Cette proposition n'a jamais débouché sur une loi...

C'est exact, malheureusement. Pourtant, après son approbation en première lecture à l'Assemblée et avant son passage au Sénat, nous avions amélioré ce texte avec le sénateur Dominique Braye. Il s'agissait d'un travail à la virgule près, destiné à donner enfin aux élus les moyens de lutter contre la désertification des centres des villes et des bourgs en libérant les installations de commerces dans les centres et en n'autorisant des implantations de nouvelles surfaces dans les zones périphériques que si elles respectaient des conditions de taille et de typologie clairement encadrées, à l'instar (bien qu'adoucies) du modèle allemand.
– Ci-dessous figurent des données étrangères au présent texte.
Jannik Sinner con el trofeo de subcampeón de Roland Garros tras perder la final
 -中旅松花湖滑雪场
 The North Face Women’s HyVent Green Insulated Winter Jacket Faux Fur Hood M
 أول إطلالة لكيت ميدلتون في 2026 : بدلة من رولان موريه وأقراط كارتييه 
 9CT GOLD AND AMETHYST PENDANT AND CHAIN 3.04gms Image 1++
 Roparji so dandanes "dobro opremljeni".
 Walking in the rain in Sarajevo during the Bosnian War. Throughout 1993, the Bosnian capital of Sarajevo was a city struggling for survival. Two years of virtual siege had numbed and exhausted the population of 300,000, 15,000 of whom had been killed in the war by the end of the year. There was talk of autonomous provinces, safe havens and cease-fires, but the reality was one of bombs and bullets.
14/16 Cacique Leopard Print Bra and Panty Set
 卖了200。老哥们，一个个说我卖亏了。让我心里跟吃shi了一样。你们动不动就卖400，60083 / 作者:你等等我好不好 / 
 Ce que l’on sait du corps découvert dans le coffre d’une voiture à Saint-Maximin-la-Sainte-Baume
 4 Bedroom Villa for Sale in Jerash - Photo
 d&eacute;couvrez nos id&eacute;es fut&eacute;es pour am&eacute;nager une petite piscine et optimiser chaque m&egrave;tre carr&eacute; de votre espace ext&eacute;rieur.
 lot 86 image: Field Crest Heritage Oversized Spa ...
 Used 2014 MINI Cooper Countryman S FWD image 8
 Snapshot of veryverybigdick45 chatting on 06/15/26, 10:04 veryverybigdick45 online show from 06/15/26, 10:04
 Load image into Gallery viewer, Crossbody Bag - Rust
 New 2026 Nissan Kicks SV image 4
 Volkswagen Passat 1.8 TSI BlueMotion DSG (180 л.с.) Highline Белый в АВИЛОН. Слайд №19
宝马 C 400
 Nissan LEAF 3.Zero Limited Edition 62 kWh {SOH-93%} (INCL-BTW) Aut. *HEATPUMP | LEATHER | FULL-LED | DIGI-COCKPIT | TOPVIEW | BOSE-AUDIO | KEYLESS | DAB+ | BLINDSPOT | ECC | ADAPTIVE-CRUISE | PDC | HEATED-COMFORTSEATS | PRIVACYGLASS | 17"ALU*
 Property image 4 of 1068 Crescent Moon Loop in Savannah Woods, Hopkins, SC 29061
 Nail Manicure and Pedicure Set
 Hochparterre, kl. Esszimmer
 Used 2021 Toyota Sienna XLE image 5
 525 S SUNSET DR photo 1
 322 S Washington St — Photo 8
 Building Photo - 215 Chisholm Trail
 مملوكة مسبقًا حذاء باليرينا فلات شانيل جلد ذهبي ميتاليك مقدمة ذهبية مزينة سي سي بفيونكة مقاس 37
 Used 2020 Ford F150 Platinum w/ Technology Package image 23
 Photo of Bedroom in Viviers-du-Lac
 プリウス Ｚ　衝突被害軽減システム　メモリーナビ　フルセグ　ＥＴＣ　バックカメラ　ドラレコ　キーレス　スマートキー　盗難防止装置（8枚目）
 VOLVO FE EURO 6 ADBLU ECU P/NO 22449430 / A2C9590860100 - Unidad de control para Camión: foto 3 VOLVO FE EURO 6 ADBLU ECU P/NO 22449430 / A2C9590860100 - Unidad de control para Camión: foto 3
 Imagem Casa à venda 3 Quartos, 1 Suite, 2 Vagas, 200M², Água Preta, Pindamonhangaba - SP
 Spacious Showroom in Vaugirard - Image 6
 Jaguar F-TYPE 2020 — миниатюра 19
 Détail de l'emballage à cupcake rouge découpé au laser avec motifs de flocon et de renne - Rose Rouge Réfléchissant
En outre, suivant la même logique, nous avions prévu la suppression de la Commission nationale d'aménagement commercial (Cnac), beaucoup trop obscure à nos yeux, ainsi que celle des commissions départementales, remplacées par des commissions régionales composées d'élus et de fonctionnaires pour vérifier le respect des règles d'implantation.

Enfin, parce qu'on nous disait que l'Europe s'opposerait à ce type de réforme, alors que nous pensions que l'interprétation franco-française était seule responsable des excès d'une libre concurrence sans cadre, nous avions rencontré en février 2011, Guido Berardis, directeur du secteur des services à la direction générale du marché intérieur de la Commission européenne. Il nous avait assurés de son accord avec le texte validé en commission sénatoriale, et avait même déclaré qu'il s'agissait d'un texte exemplaire susceptible de servir de modèle à d'autres pays européens !

Hélas, le texte adopté au Sénat n'est jamais revenu à l'Assemblée, car il n'a jamais été inscrit à l'ordre du jour avant la fin de la session parlementaire, début 2012. Des intérêts puissants ont dû veiller à ce qu'il soit enterré ! Ajoutons que le texte n'est pas reparu non plus pendant le quinquennat de François Hollande.

Le moment est-il venu de l'exhumer ?

Il suffirait pour cela de le sortir du congélateur où on a laissé sa version sénatoriale depuis 2012 !

Il y a là un enjeu considérable. Les débats pendant les dernières élections, la montée des extrêmes, particulièrement dans les villes petites et moyennes qui souffrent trop et depuis trop longtemps dans notre pays, devraient nous interroger plus largement et sérieusement, comme l'ont montré Éric Giuily et Olivier Régis dans leur ouvrage Pour en finir vraiment avec le mille-feuille territorial 1.

C'est un choix politique qui doit être effectué au plus haut niveau. Je suis d'ailleurs convaincu (pour l'avoir constaté) que, tous partis confondus, il existe un consensus très majoritaire sur sa nécessité.